Artık dönüş yoluna geçmiş hatta otobana girmiştik bile rehberimiz 'Bunu görmeli burda fotoğraf çekmelisiniz.' diyerek arabayı otobanın ortasında durdurdu!! Mumbai'de sanırım bu normal:) Ve işte karşınızda Mumbai Beach. Şehrin kanalizasyon suyu buraya döküldüğü için Hintliler bile burda yüzmüyor, sadece varoşlardan gelenler yüzüyormuş.
Biliyorum bu yazı yer yer içinizi kararttı. Öyleyse biraz da güzel(!) şeylerden, zenginlikten bahsedelim. Aşağıda gördüğünüz bu gökdelen aslında dünyanın en pahalı evi! Hindistan'ın en zengin adamı bu binada çekirdek ailesiyle yaşıyor, 168 arabası için otoparkı var ve tam 600 kişi çalışıyor.

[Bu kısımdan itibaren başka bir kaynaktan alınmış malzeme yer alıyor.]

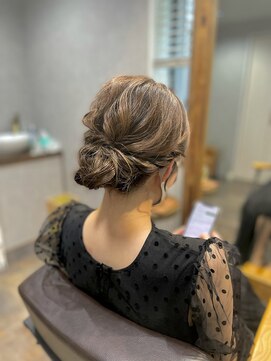 ベルトオブヴィーナス(Belt of venus) パーティーからカジュアルまで☆シニヨンアレンジ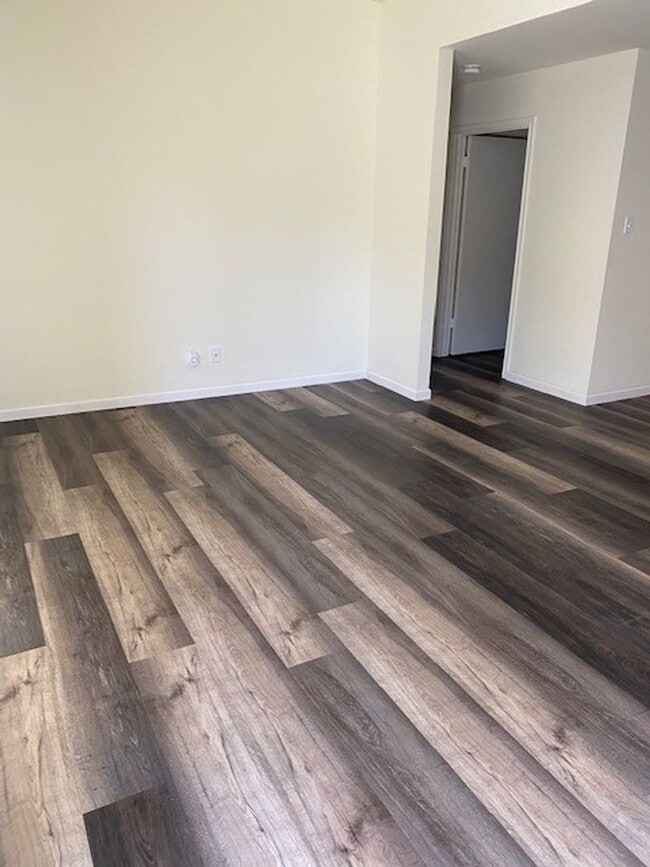 Photo - 5607 Lakebend W Dr Unit 1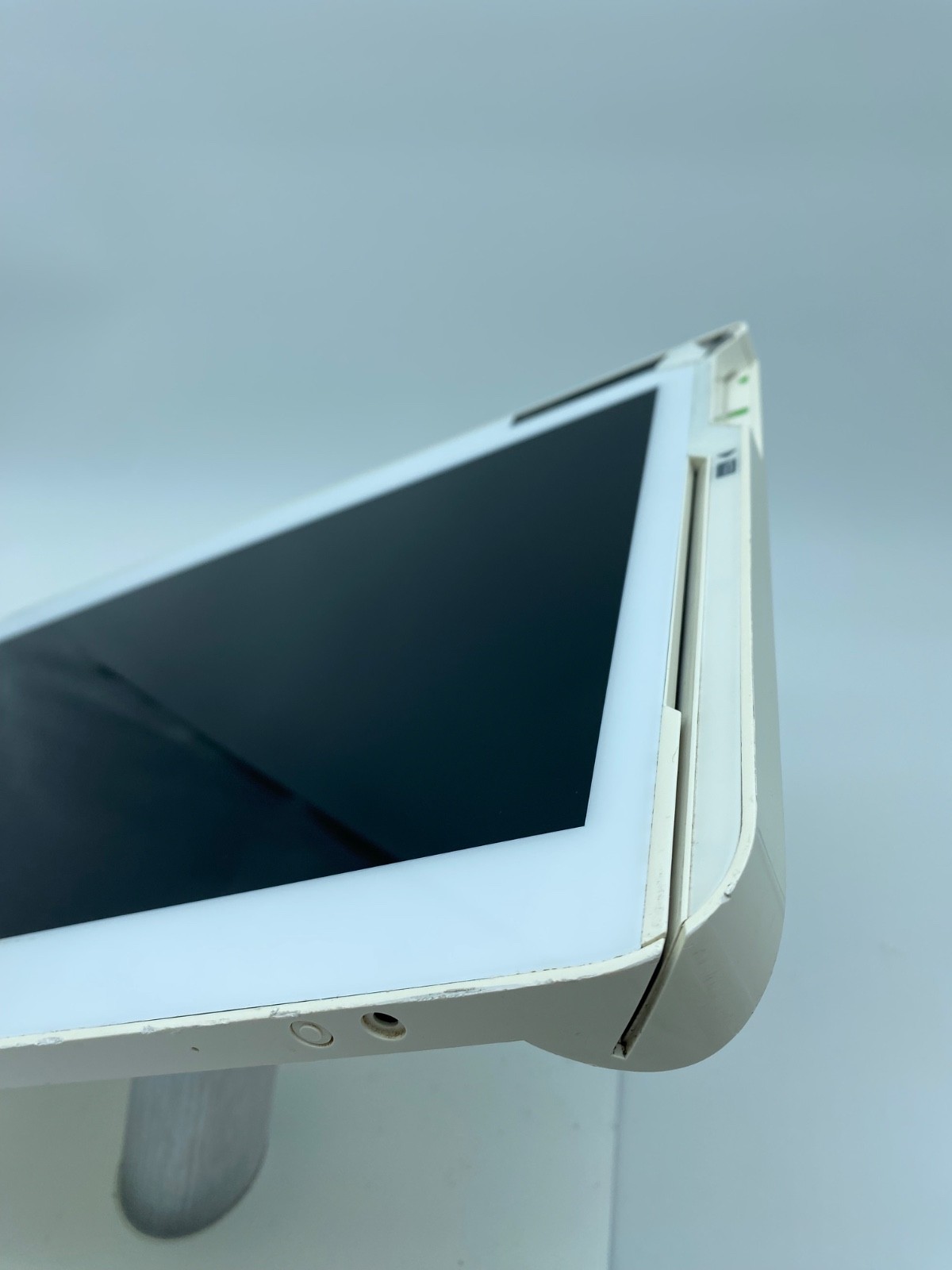 Clover C500 POS Terminal – Powers On – Screen Only –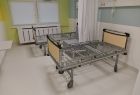 Łóżko szpitalne w sali na wyremontowanym oddziale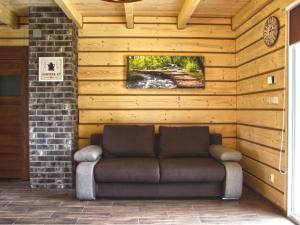 A wooden eco friendly house by the Goszcza lake Living room 2 bedrooms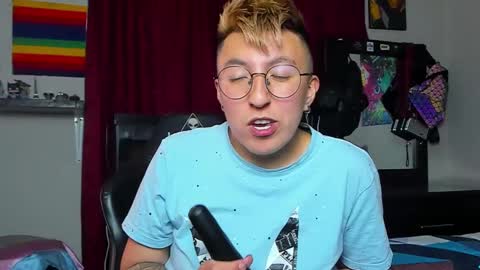 Edward ftm trans queerslave online show from January 2025 04:21:01 AM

Mumbai ya da eski adıyla Bombay... Tüm kirliliğine, fakirliğine, fakir ve zengin arasındaki içimi acıtan bu uçurumuna rağmen kalbim bu şehirde kaldı. Misafirperver ve candan insanlarını, o insanların tüm zor koşullara rağmen içten gülüşlerini, danslarını, insanın içini karartan hayata inat giydikleri rengarenk elbiseleri unutmam mümkün değil. Çok güzel, çok farklı, çok başka bir deneyimdi.